Imhotep casting a limestone block.

Imhotep left plans with temple designs that were built thousands of years after his death, as stated in the hieroglyphs of several temples. He was a geometer, doctor of medicine, inventor of the Caduceus, the present-day symbol of physicians. The legend says Imhotep devised the way to divide the heavens into 30º sectors, known today as the Zodiacal eras, to record the movements of the stars and constellations.
A priest-scientist like Imhotep, who could make stone vessels, enjoyed a special status, since his knowledge enabled him to give form to stones, and stone for the Egyptians was the symbol of the Eternal. After his death he was deified by the Egyptians who identified him with Thoth the Ibis-faced divinity of wisdom. The Gnostics called him Hermes Trismegistus, the Thrice Great, founder and origin of their esoteric wisdom.

Davidovits the Chemist

JOSEPH DAVIDOVITS, PHD, REDISCOVERS ANCIENT EGYPTIAN
ARI-KAT TECHNOLOGY
A four-tonne replica of a pyramid limestone block was cast
at the GEOPOLYMER INSTITUTE in Saint Quentin, France


Dr Davidovits examining limestone blocks at his laboratory

At the Geopolymer Institute in St Quentin near Paris, Dr Joseph Davidovits researches ancient cements and new concretes, new ceramics and binders for high tech industries. He is renowned for his research into a branch of chemistry whose chief study is geopolymers – a mineral inorganic polymer based on silicium and aluminum geological molecules.
Throughout his long professional life, Professor Davidovits has taught in US universities, has published three important studies on the pyramids and has patented a number of original products that employ sophisticated processes in the manufacture of cement, ceramic and binder. In 1998, he was awarded France’s “Chevalier de L’Ordre National du Mérite” in recognition of his research and of his many patents in an innovative branch of chemistry known as geopolymerization. Finally, he is a member of the International Association of Egyptologists and is regularly presenting his archaeological works during international congresses in egyptology since 1979.

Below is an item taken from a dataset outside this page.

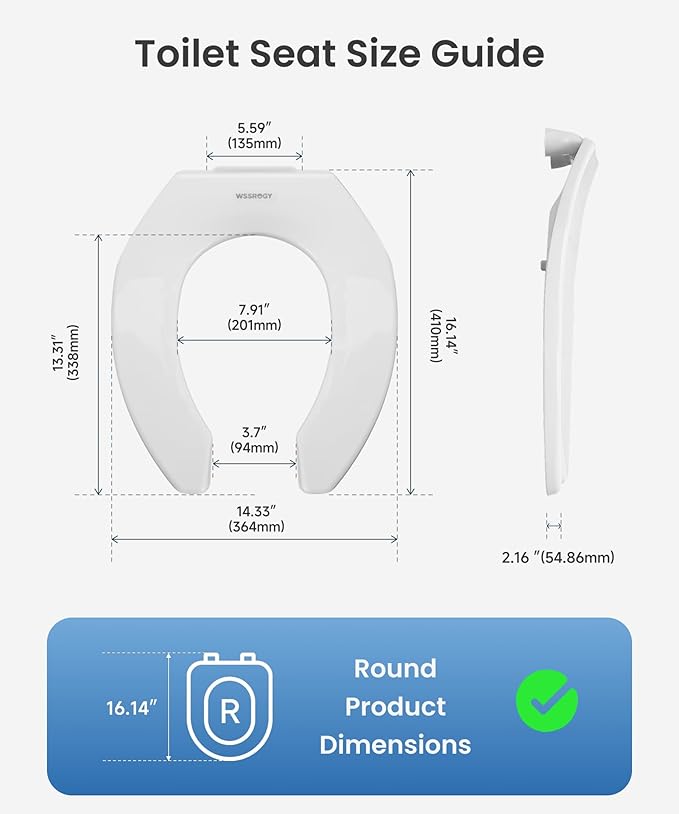 WSSROGY Commercial Round Plastics White Toilet Seat Front Open, Heavy-Duty up to 550lbs,Grip-Tight Bumpers, Quick-Attach Hardware for Easy Clean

Dr. Davidovits creates new mineral compounds and rocks by copying and accelerating natural processes. He is the author of the books “Ils ont bâti les Pyramides”, Paris 2002, “La nouvelle histoire des Pyramides”, Paris 2004 (2nd ed. 2006) and “The pyramids: an enigma solved”, New York, 1988. His most recent book in English is Why the pharaohs built the Pyramids with fake stones.


Dr Davidovits mixing the ingredients to cast a stone block in his lab

He has taken a special interest in the Egyptian pyramids and has combined a new approach – a chemist’s approach – to hieroglyph interpretation, with in-depth research on the structure and composition of the stone blocks and cements used in pyramid-building.
As a result, and after long experimentation in the casting and molding of stone, he has published a fascinating theory about how the construction of these giant man-made mountains must have been carried out.